PROBLEM REQUIREMENTS:
Exactly the lines below, starting with the one containing "Outdoor pool with" and going on through the one containing "Preview: Two Latino", must be reproduced, both ends included, and no pictures with them.

RECORDS FOR PROCESSING:
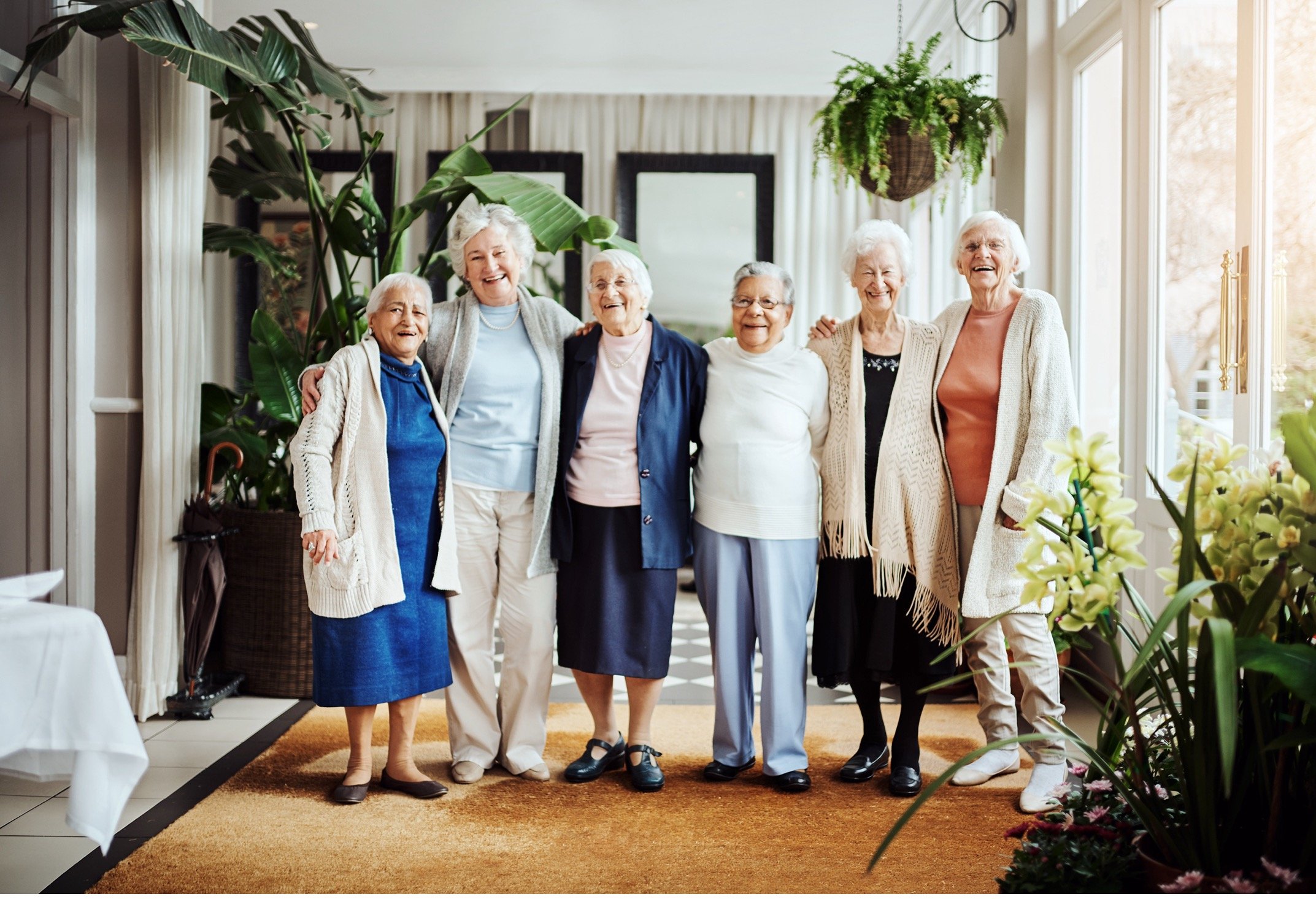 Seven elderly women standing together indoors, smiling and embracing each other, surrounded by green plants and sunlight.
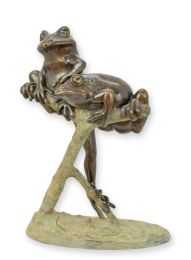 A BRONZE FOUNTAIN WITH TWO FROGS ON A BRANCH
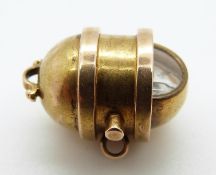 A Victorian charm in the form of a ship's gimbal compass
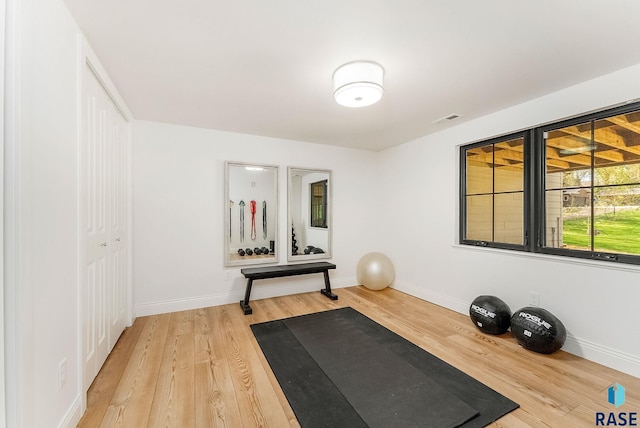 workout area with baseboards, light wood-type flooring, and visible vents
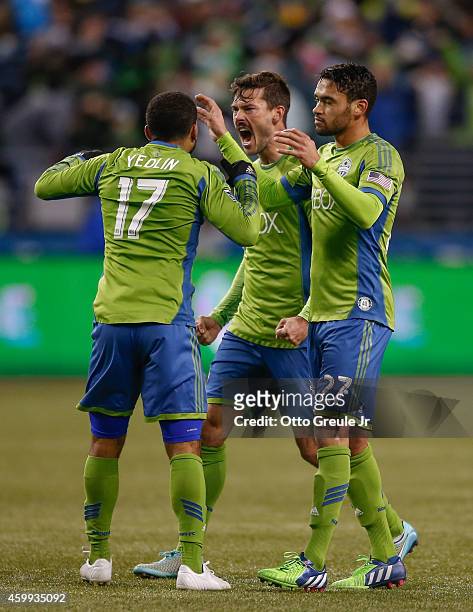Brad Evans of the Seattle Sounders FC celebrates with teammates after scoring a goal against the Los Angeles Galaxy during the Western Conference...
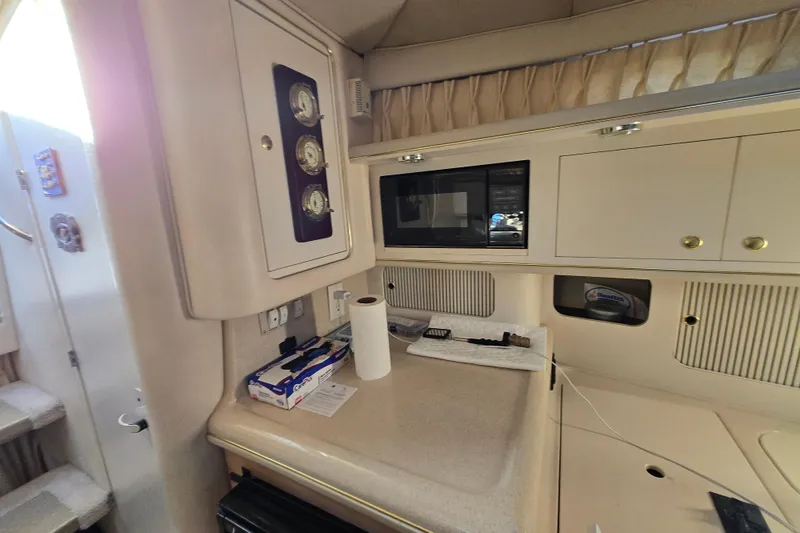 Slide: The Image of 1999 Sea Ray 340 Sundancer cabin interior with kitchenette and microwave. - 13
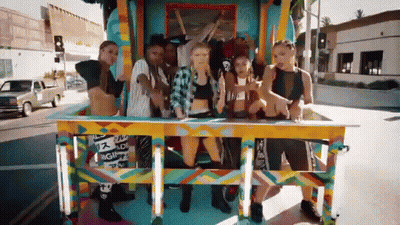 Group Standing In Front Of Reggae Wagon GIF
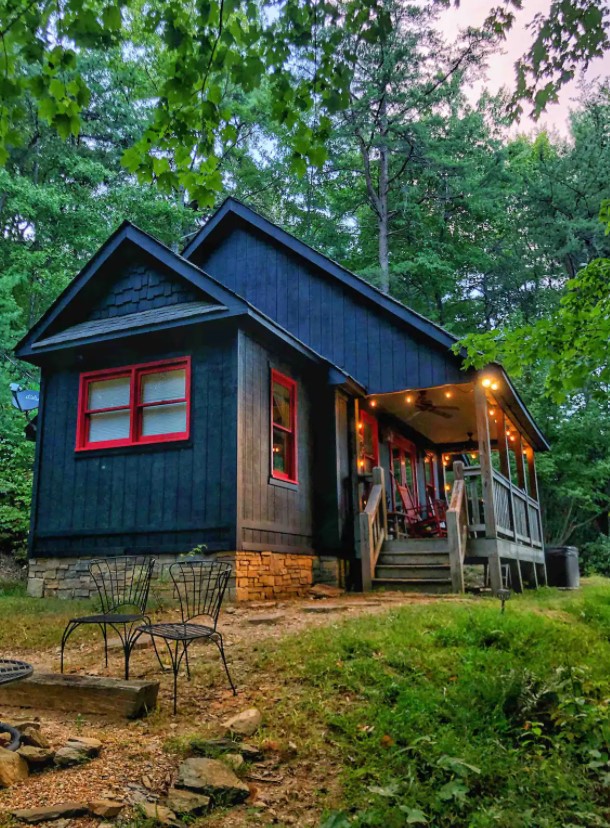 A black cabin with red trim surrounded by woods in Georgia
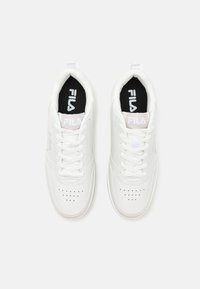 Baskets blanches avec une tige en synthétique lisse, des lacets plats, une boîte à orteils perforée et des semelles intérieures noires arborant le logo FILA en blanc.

==

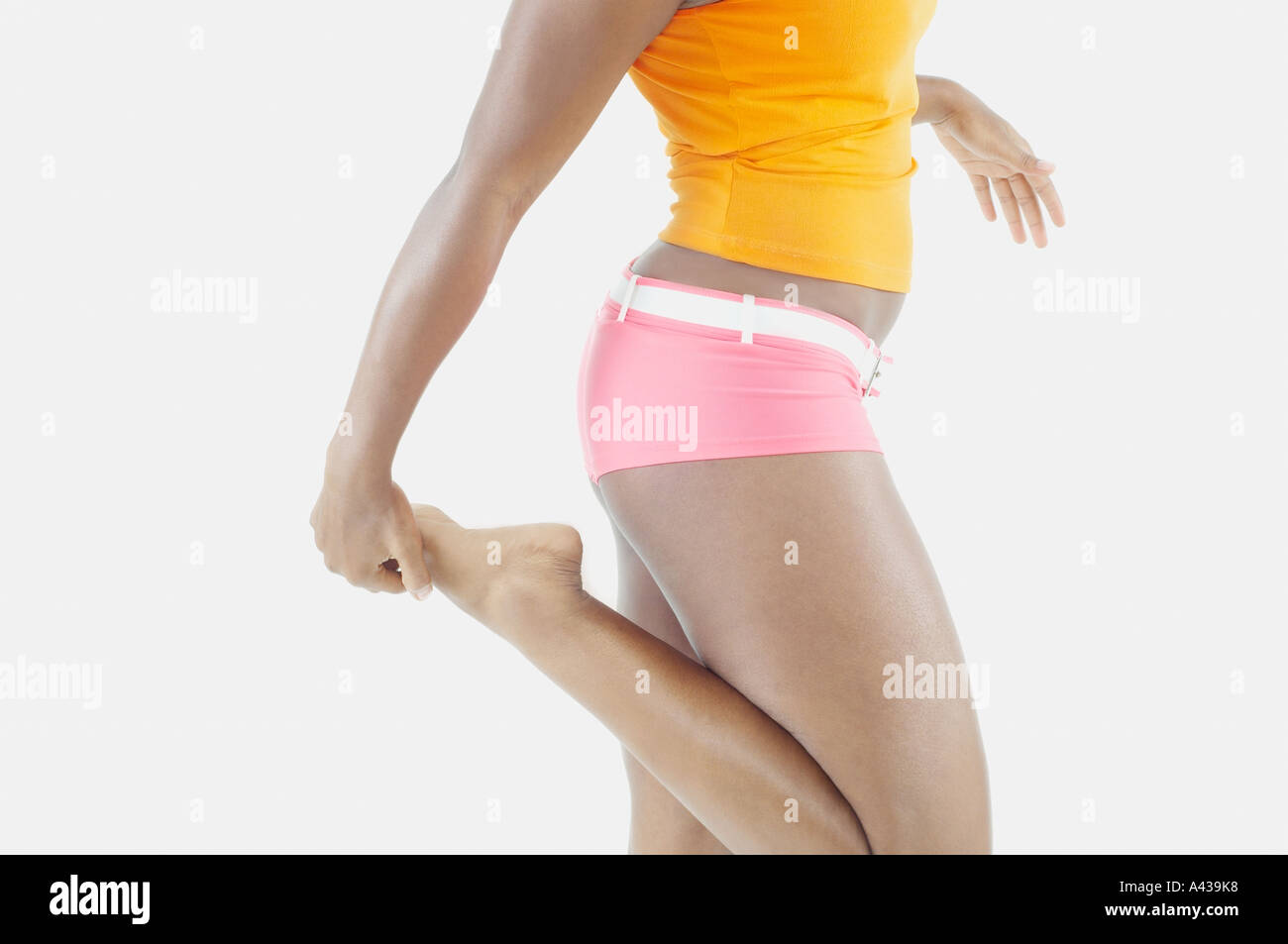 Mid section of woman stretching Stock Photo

==

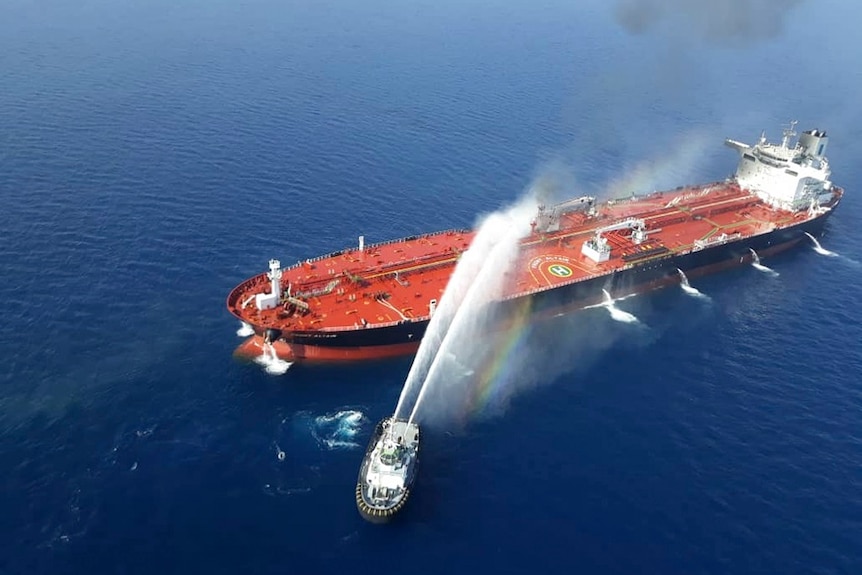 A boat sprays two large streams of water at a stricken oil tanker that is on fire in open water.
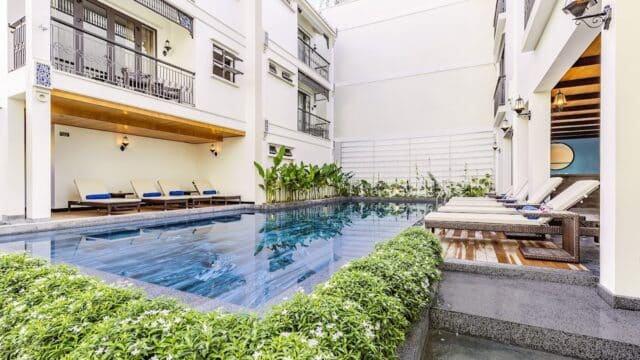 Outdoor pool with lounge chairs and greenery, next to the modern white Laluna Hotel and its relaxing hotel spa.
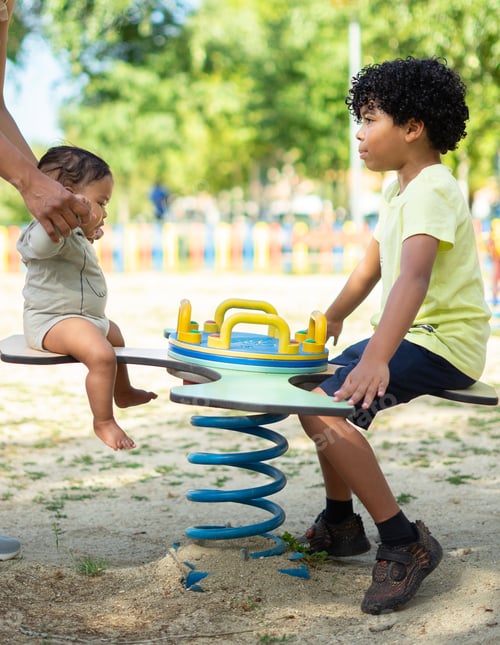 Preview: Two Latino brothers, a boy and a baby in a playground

WRITTEN SOLUTION:
 Outdoor pool with lounge chairs and greenery, next to the modern white Laluna Hotel and its relaxing hotel spa.
 Preview: Two Latino brothers, a boy and a baby in a playground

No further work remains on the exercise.